On Tue, May 28, 2019 at 9:53 AM Adrian Klaver <adrian.klaver@aklaver.com> wrote:
On 5/27/19 9:59 PM, Tom K wrote:
> Hey Guy's,
>
>
> I'm running Patroni w/ PostgreSQL 10, ETCD, Haproxy and Keepalived on 3
> RHEL 7.6 VM's.  Every now and then the underlying storage crashes taking
> out the cluster.  On recovery, PostgreSQL tends to come up while other
> databases just blow up.  That is until now.

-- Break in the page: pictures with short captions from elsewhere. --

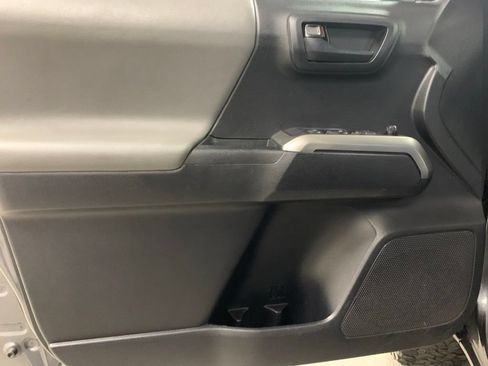Used 2020 Toyota Tacoma SR5 w/ SR5 Appearance Package (SM) RWD image 13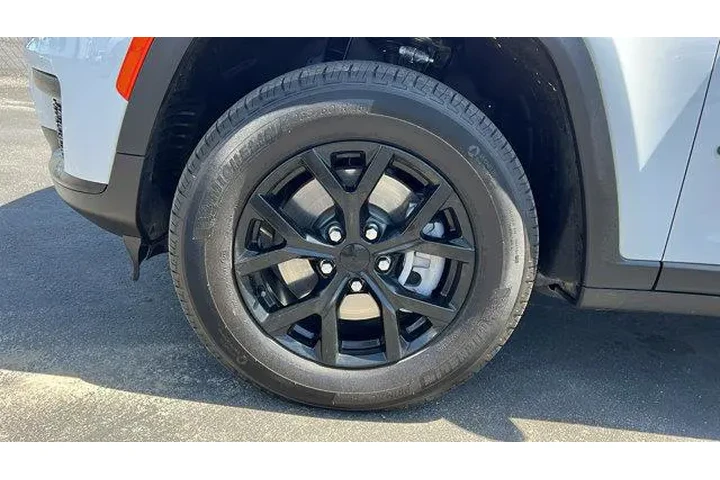 $34984 : Jeep Grand Cherokee L 2024 4 image 10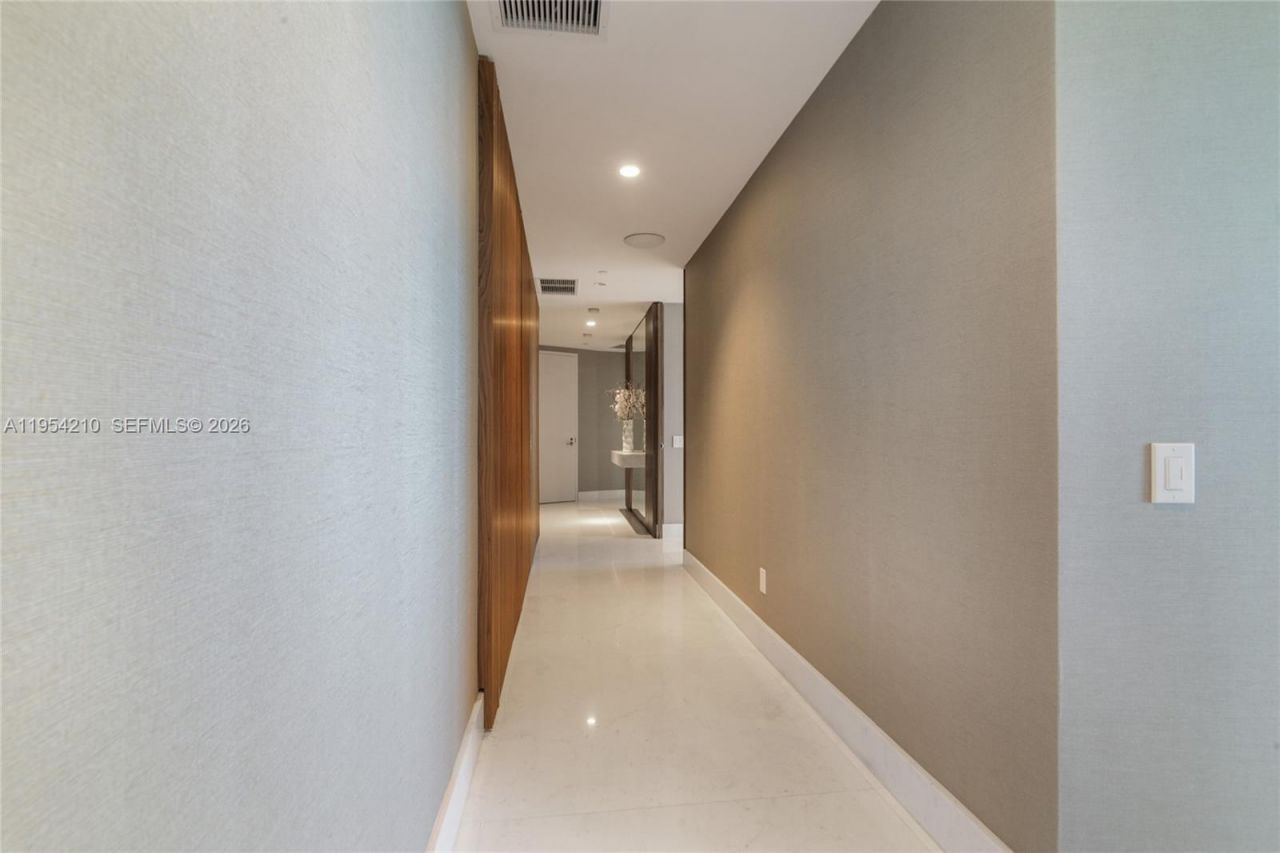 18555 Collins Ave, Unit 4305, Sunny Isles Beach, FL 33160 Photo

The above is one master and two standby servers connected via streaming
replication, correct?

Is there WAL archiving set up?

Correct.  Master election occurs through Patroni.  WAL level is set to:

wal_level = 'replica'

So no archiving.  
 


>
> After the most recent crash 2-3 weeks ago, the cluster is now running
> into this message but I'm not able to make heads or tails out of why
> it's throwing this:

So you have not been able to run the cluster the past 2-3 weeks or is
that  more recent?

Haven't been able to bring this PostgresSQL cluster up ( run the cluster ) since 2-3 weeks ago.  Tried quite a few combinations of options to recover this.  No luck.  Had storage failures earlier, even with corrupted OS files, but this PostgreSQL cluster w/ Patroni was able to come up each time without any recovery effort on my part.  
 

When you refer to history files below are you talking about WAL files or
something else?

Is this:

"recovery command file "recovery.conf" specified neither
primary_conninfo nor restore_command"

true?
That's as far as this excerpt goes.